Trump Just Made America More Vulnerable to Ebola—Here’s How
America's Ebola shield is gone.

Ebola is in Kampala.
Ugandan authorities yesterday confirmed the death of a healthcare worker—a nurse—from Ebola. A city of over 4 million is now at the center of an outbreak. The fact that a healthcare worker was affected suggests that the virus is already spreading in high-risk settings.
Under normal circumstances, there would be no need to panic. Since the 2014 West Africa Ebola outbreak, local health officials in Africa and the international community have become skilled at containing outbreaks before they spread out of control. There have been at least eight separate outbreaks in the region, but all have been contained. None spread internationally, least of all to the United States.

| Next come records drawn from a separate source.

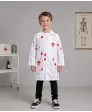 bílá/červená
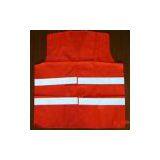 China (Mainland) Safety Vest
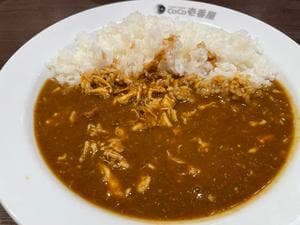カレーハウスCoCo壱番屋 豊田御立町店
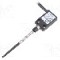 Limitator de cursa, max. 240V AC, max. 250V DC, 5A, IP67, PANASONIC - MEP1G92Z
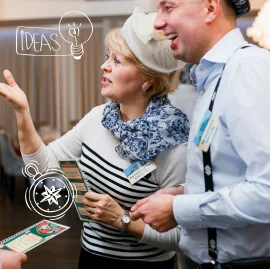 Корпоратив в Тюмени.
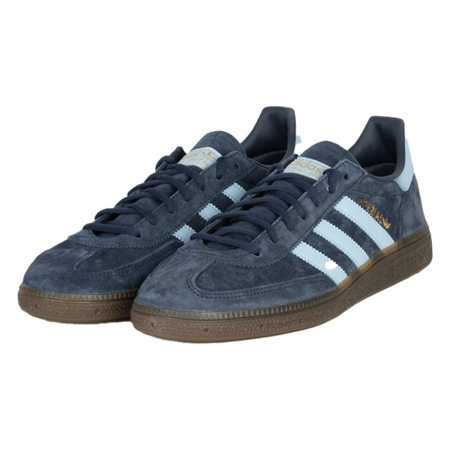 حذاء كرة اليد من اديداس سبيزال لون نيفي للجنسين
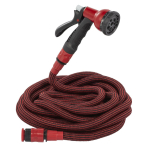 Kastmisvoolik Kreator KRTGR67023, 6 mm, 20 m
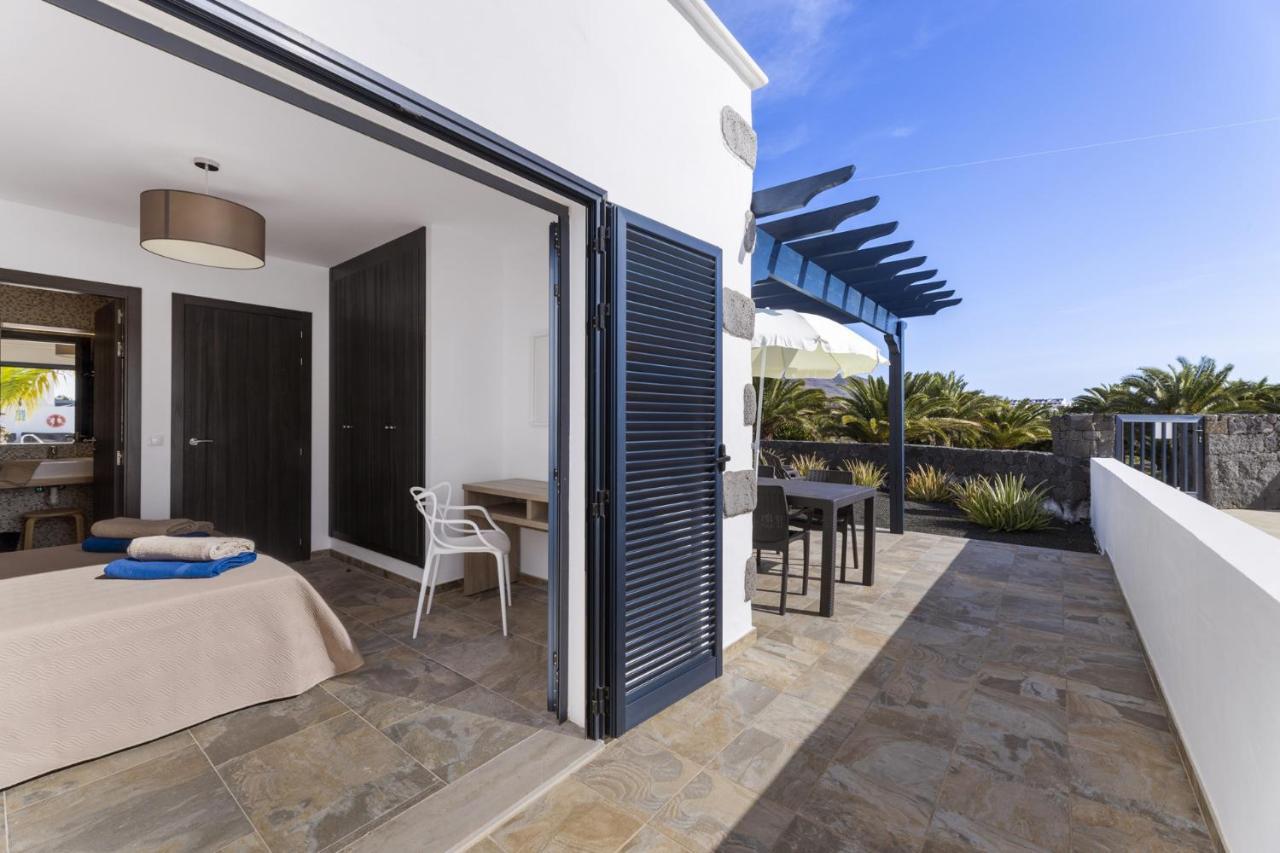 Casa Alma - Vipvipvillas Playa Blanca Dış mekan fotoğraf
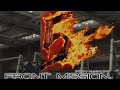 Front Mission 5 Survival Simulator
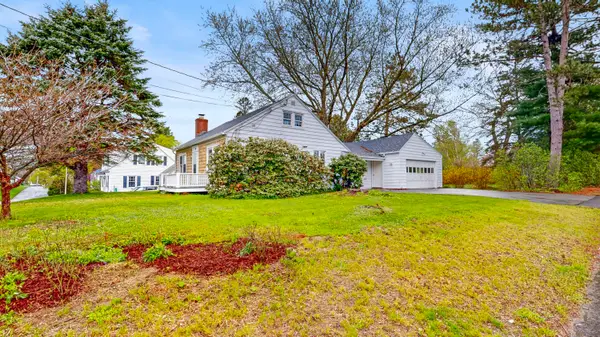 41 Googin Street, Lewiston, ME 04240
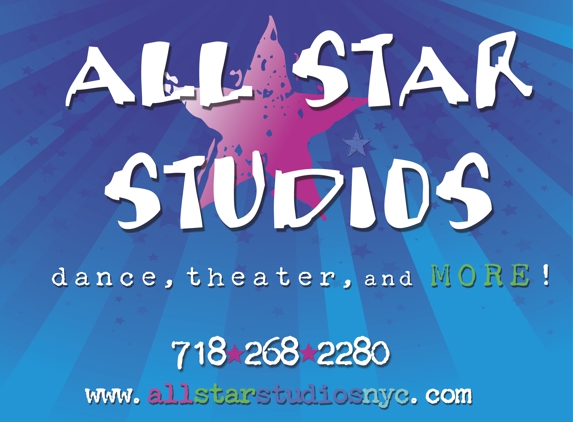 All Star Studios - Forest Hills, NY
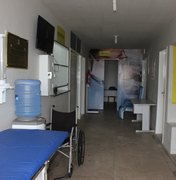 Porto Calvo registra 404 casos do novo coronavírus e seis mortes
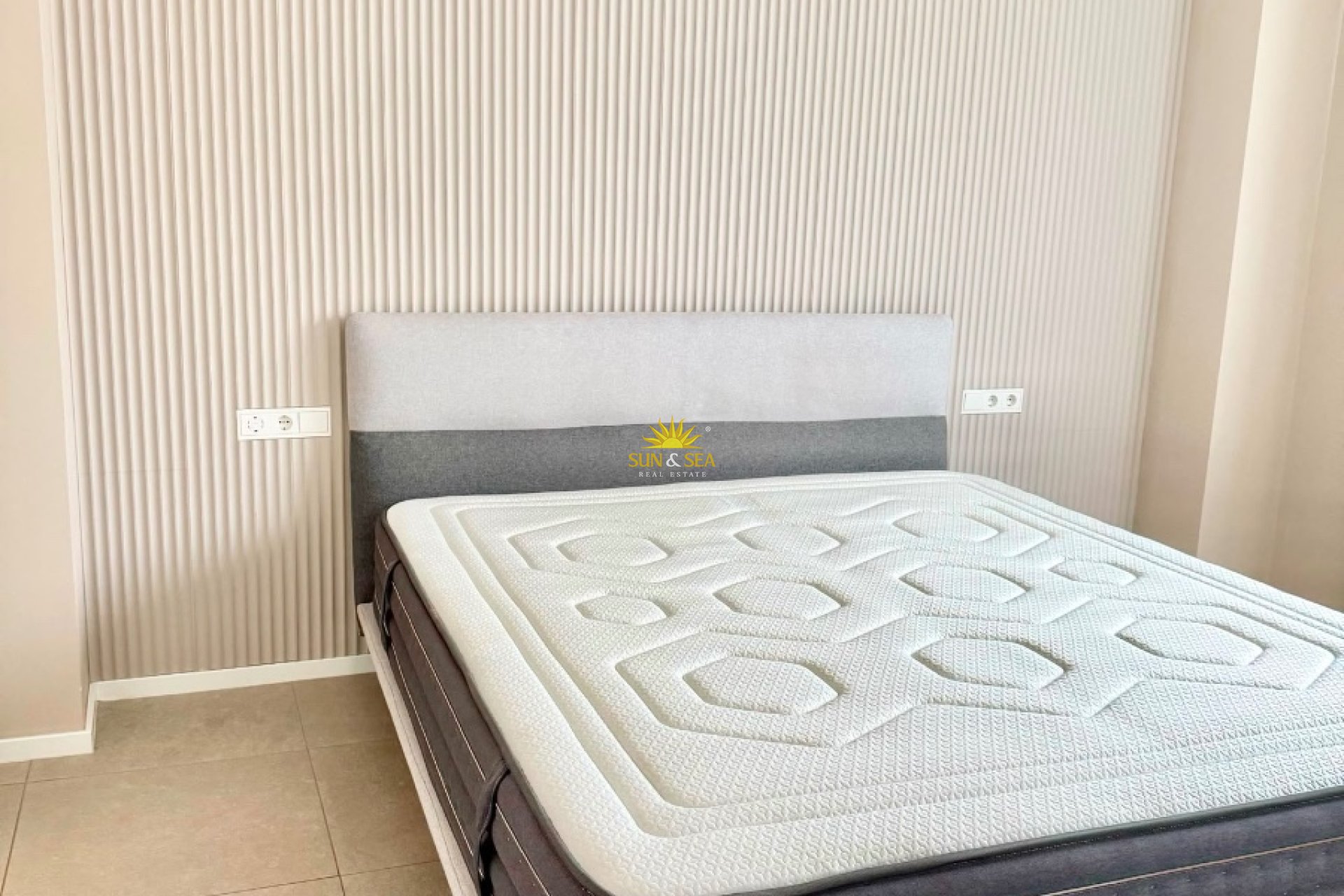 Langfristige Vermietung - Freistehende Villa - Finestrat - Golf Bahia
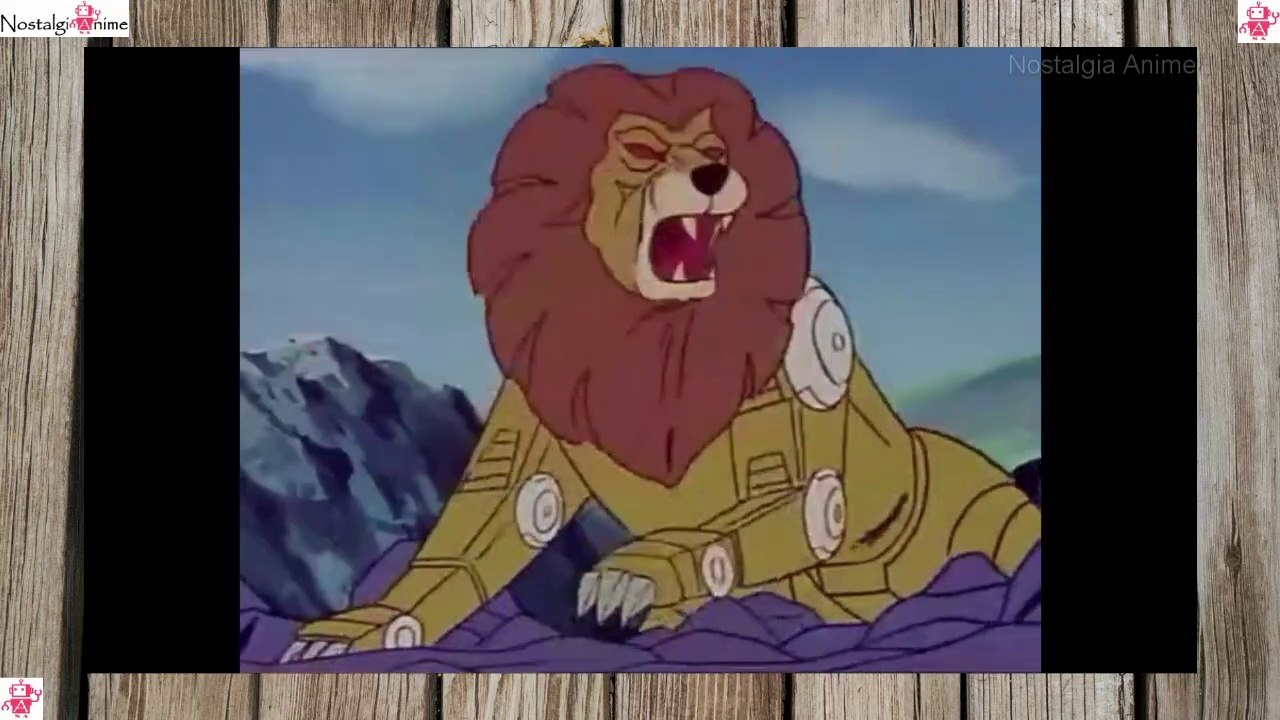 DARTANIAS ''El Robot del Futuro'' - Cap03 ''ANIME CLÁSICO /RETRO''ANTIGUO''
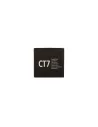 Nirvel Men 5 Minutes Color Ct7 Brown Clear 30 ml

At the center of these efforts to stop the international spread of Ebola are the World Health Organization, the U.S. Centers for Disease Control and Prevention, and the United States Agency for International Development. These agencies work with local authorities and provide platforms for international cooperation that help develop and deploy vaccines, conduct disease surveillance, and work directly with local health officials to provide capacity where it may be lacking.
This "playbook" has successfully kept Ebola and similar diseases (like Marburg virus) at bay. There have been several outbreaks, but they’ve all been contained thanks to this kind of international cooperation, in which the U.S. plays a key role.
Stephanie Psaki, the former U.S. coordinator for global health security at the National Security Council, explains how this U.S.-led cooperation has worked:
"We had made it to January 2025 without a single case of [Ebola or Marburg] in the United States. One of the reasons we were successful was that we had a plan in place—a playbook—for responding to biological threats, which we implemented quickly and aggressively every time there was a new outbreak. We had partners in place, from WHO to vaccine manufacturers, who were on standby and ready to act. We had emergency funding available that could quickly be redirected. And we had people—at the National Security Council and across federal departments and agencies—who had responded to countless biological threats, could get on a plane at a moment’s notice if needed, and, most importantly, who knew how to keep Americans safe."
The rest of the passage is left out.